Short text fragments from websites
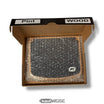 Onewheel Pint / Pint X Surestance Footpads | Hartholz Upgrade für Premium Boardfeel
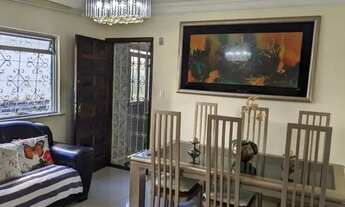 Imagem 2: Aluguel apto nascente, 3/4 - Imbuí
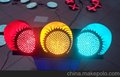 海南地区厂家直销 LED 交通信号灯 ，质保2年
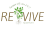 Revive Nonprofit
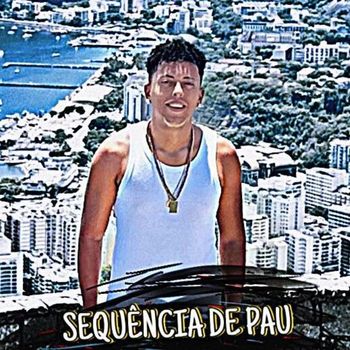 Karo - Sequência de Pau (Explicit)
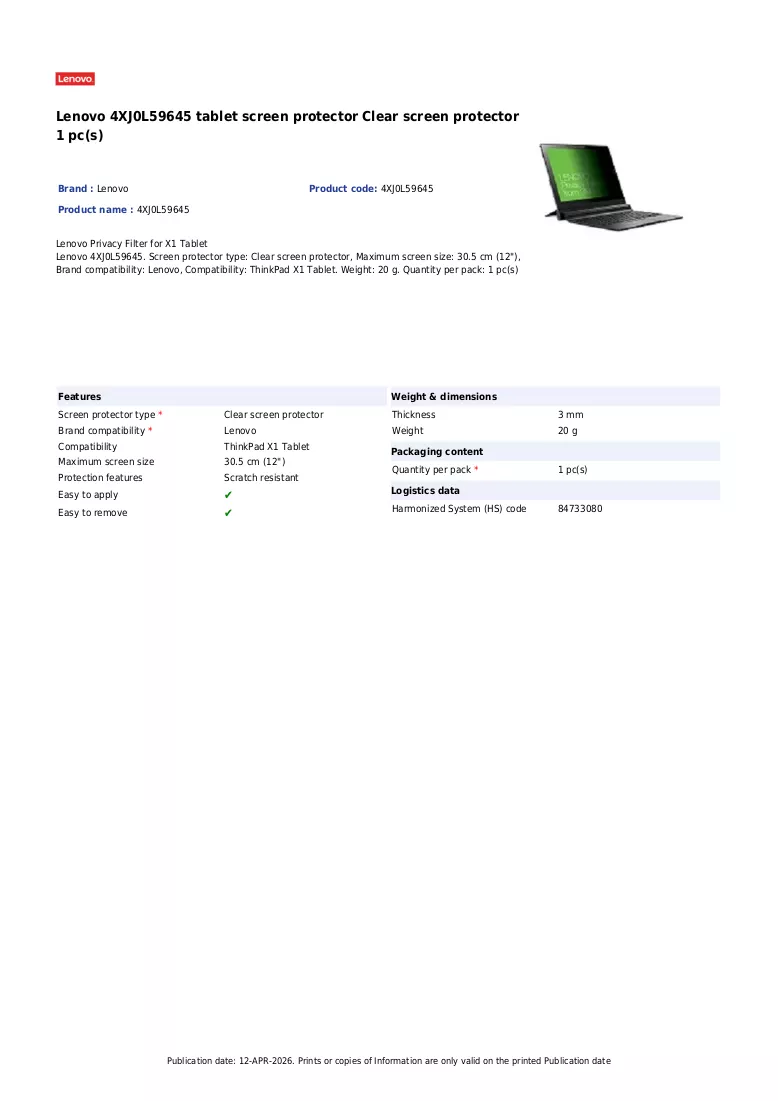 Folder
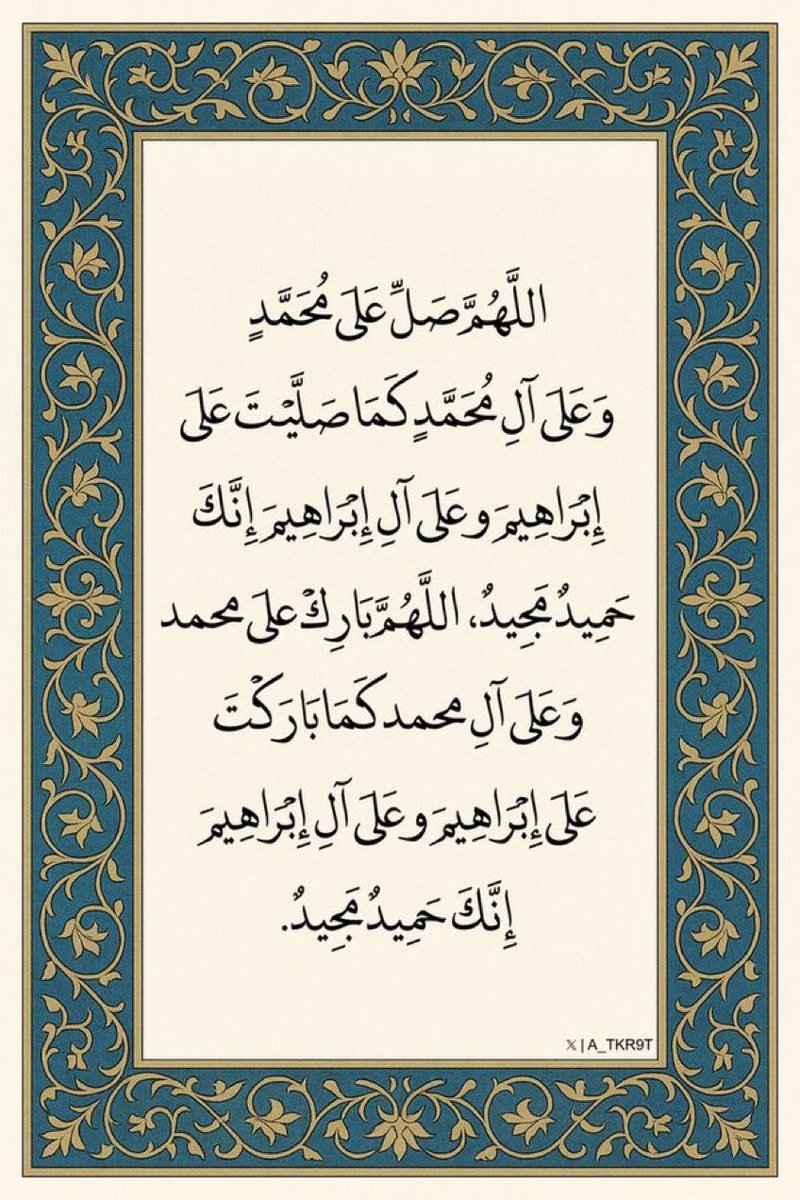 NaifKuwait1989's tweet photo. https://t.co/pyDGnRJi1f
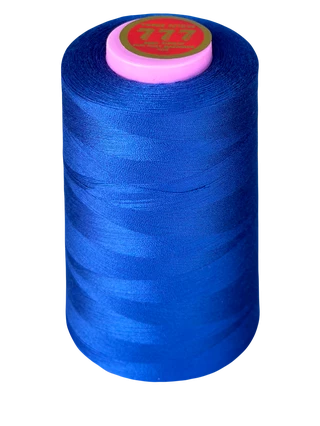 Nici 40/2 kolor nr 65 (1 szt.)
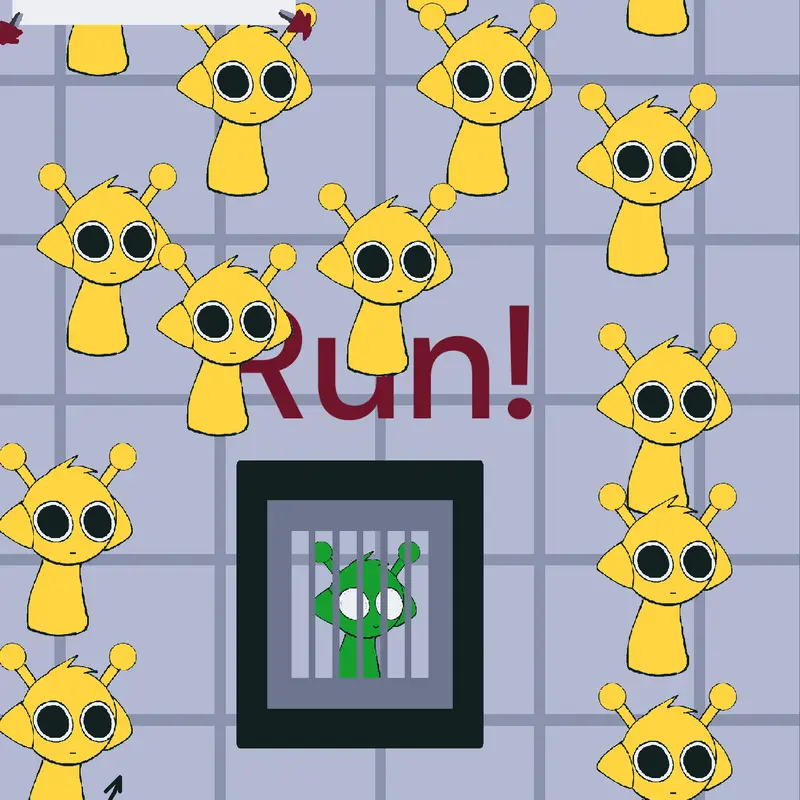 Game by @Cuber_115
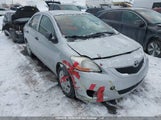 Toyota Yaris JTDBT923091313441 снимка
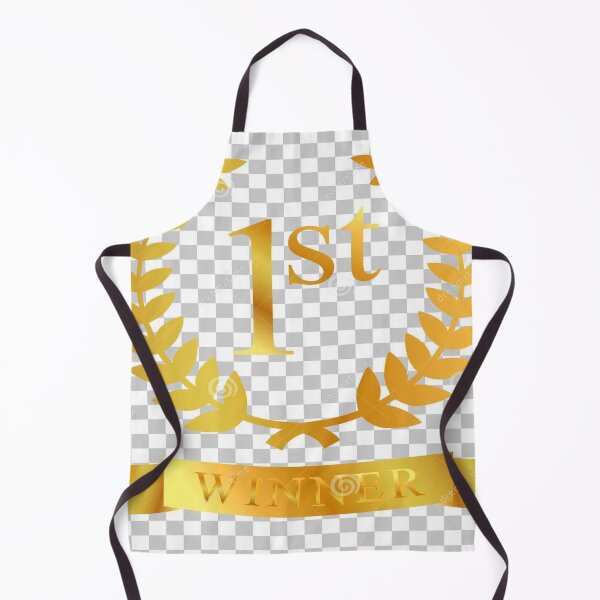 Item preview, Casino Is Winner designed and sold by bgyg.
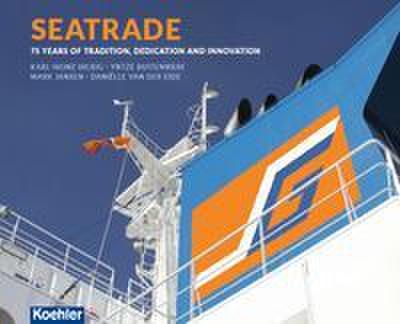 Seatrade
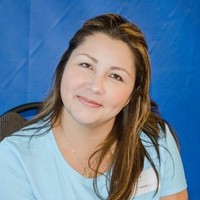 Susana G.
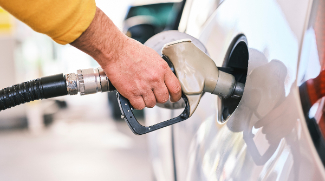 UAE Fuel Prices Announced, Petrol And Diesel Prices Fall In November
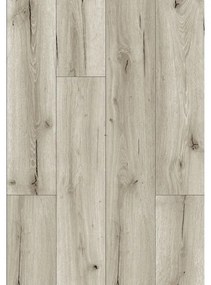 Mexen Wirginia panele winylowe 1227 x 187 mm LVT Dryback 2,5 mm, podkład PVC, 4 V-Fuga, Dąb - F1305-1227-187-255-4V1-01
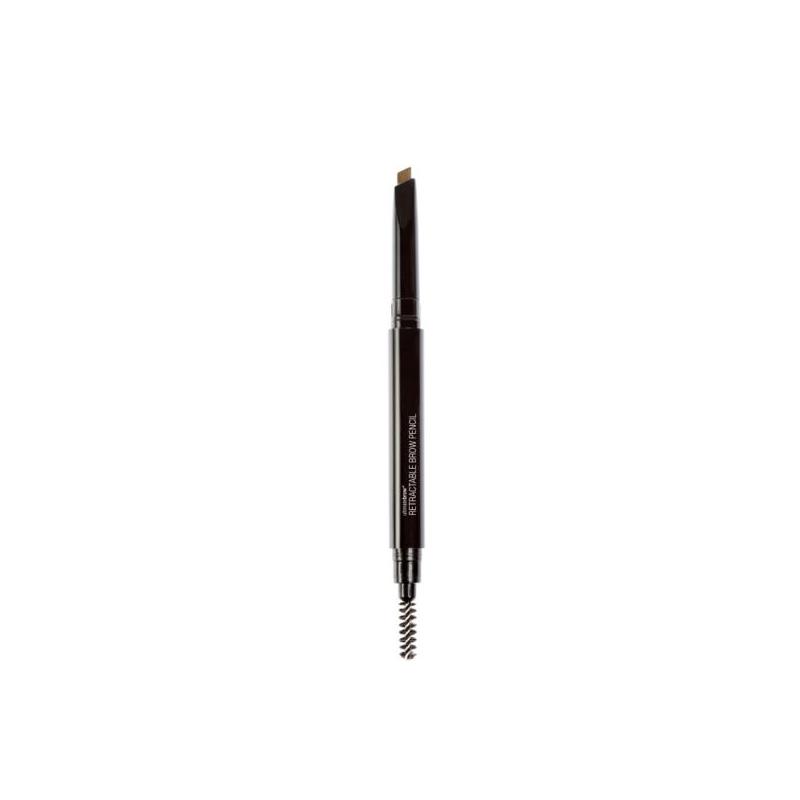 Ultimate Brow Retractable Brow Pencil wykręcana kredka do brwi Taupe 0.2g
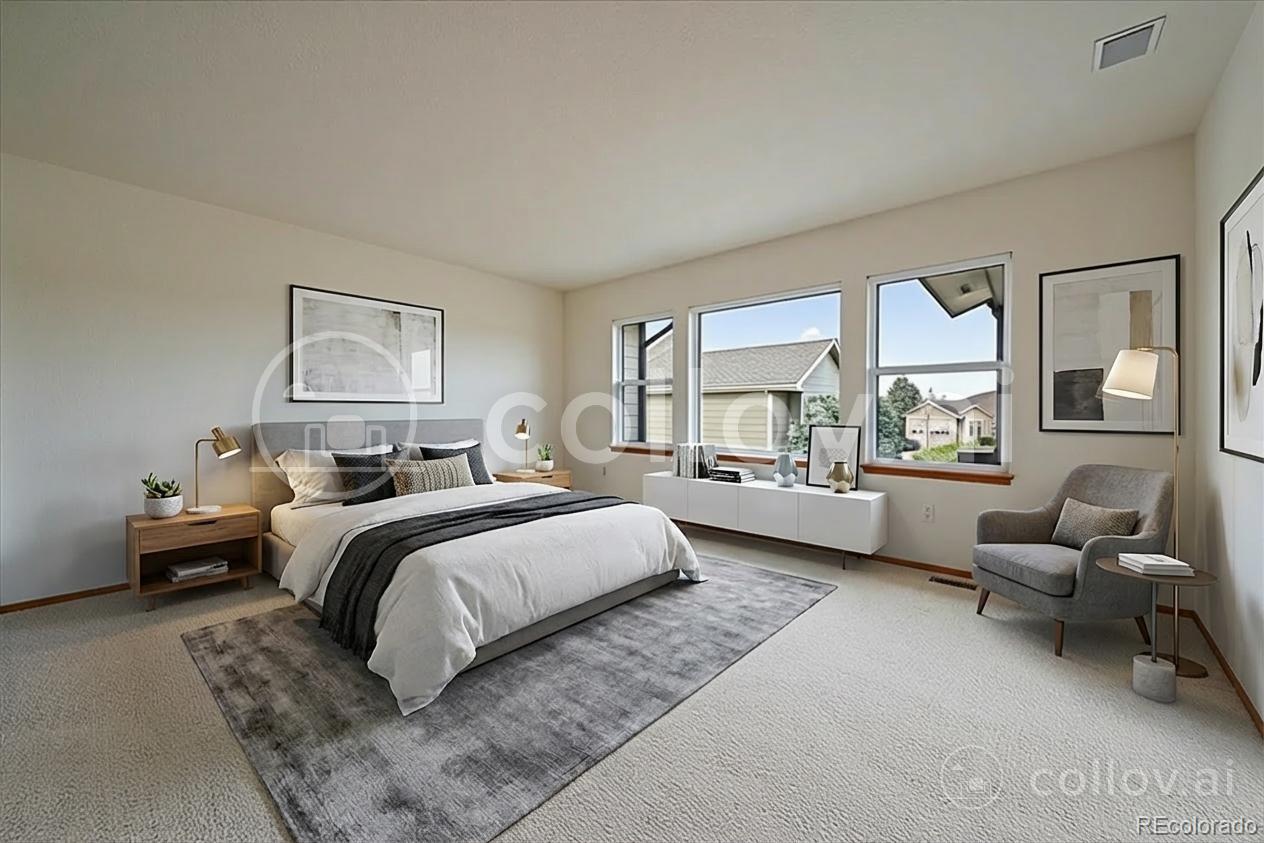 MLS Image #17 for 22885 e canyon place,aurora, Colorado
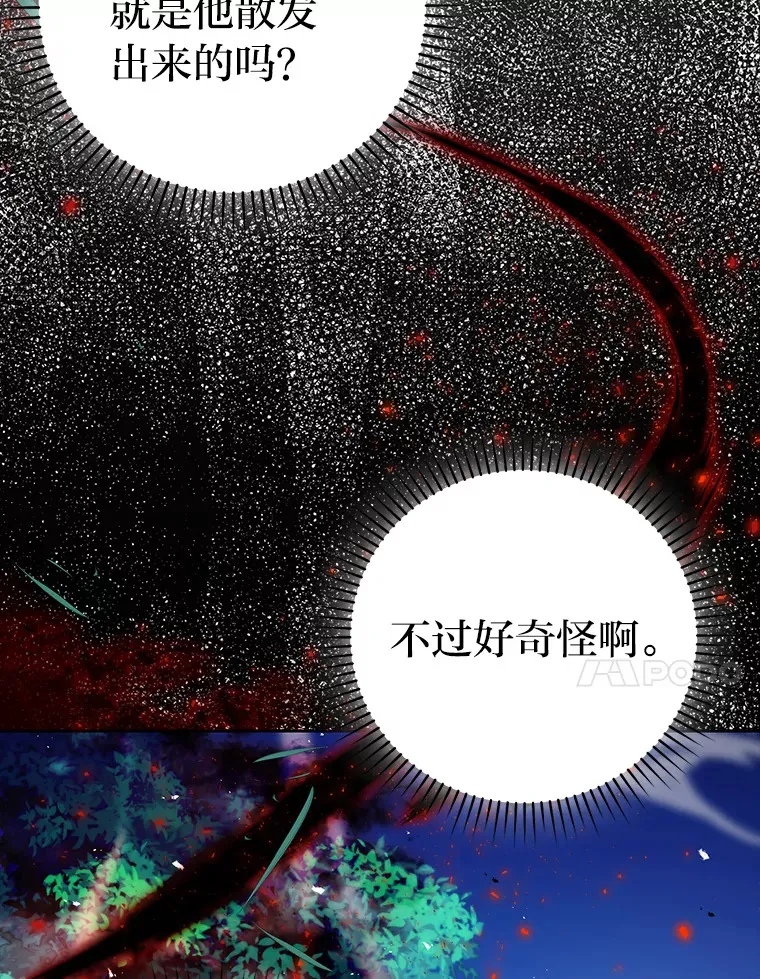 29.暗黑精灵的阴谋92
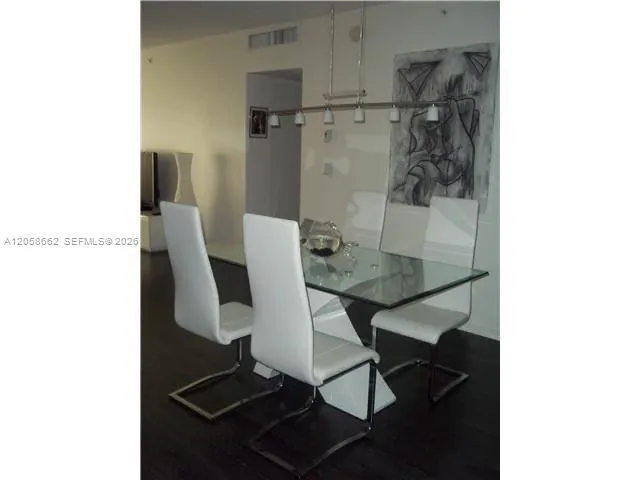 3000 S Ocean Dr #518 Hollywood, FL 33019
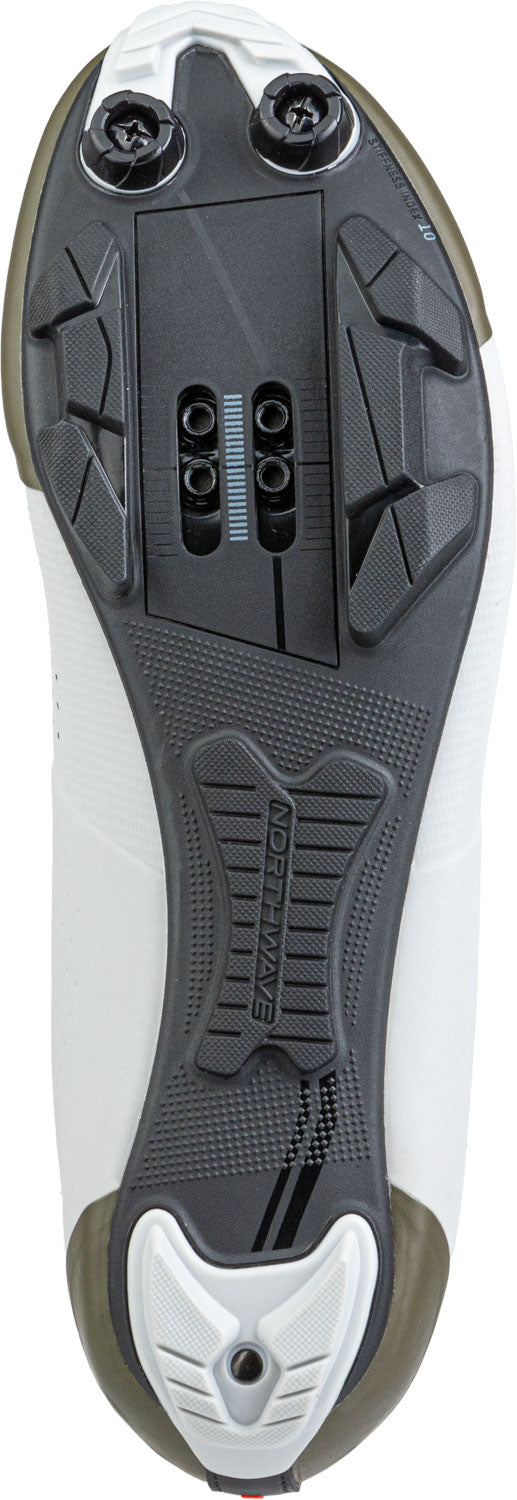 Chaussure de cross-country Northwave - Razer 2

**What needs to be done**
Retype, please, exactly the lines that begin with the one containing "Game by @Cuber_115" and end at the last line of the entries above, both included, leaving out pictures.

**Written response**
 Game by @Cuber_115
 Toyota Yaris JTDBT923091313441 снимка
 Item preview, Casino Is Winner designed and sold by bgyg.
 Seatrade
 Susana G.
 UAE Fuel Prices Announced, Petrol And Diesel Prices Fall In November
 Mexen Wirginia panele winylowe 1227 x 187 mm LVT Dryback 2,5 mm, podkład PVC, 4 V-Fuga, Dąb - F1305-1227-187-255-4V1-01
 Ultimate Brow Retractable Brow Pencil wykręcana kredka do brwi Taupe 0.2g
 MLS Image #17 for 22885 e canyon place,aurora, Colorado
 29.暗黑精灵的阴谋92
 3000 S Ocean Dr #518 Hollywood, FL 33019
 Chaussure de cross-country Northwave - Razer 2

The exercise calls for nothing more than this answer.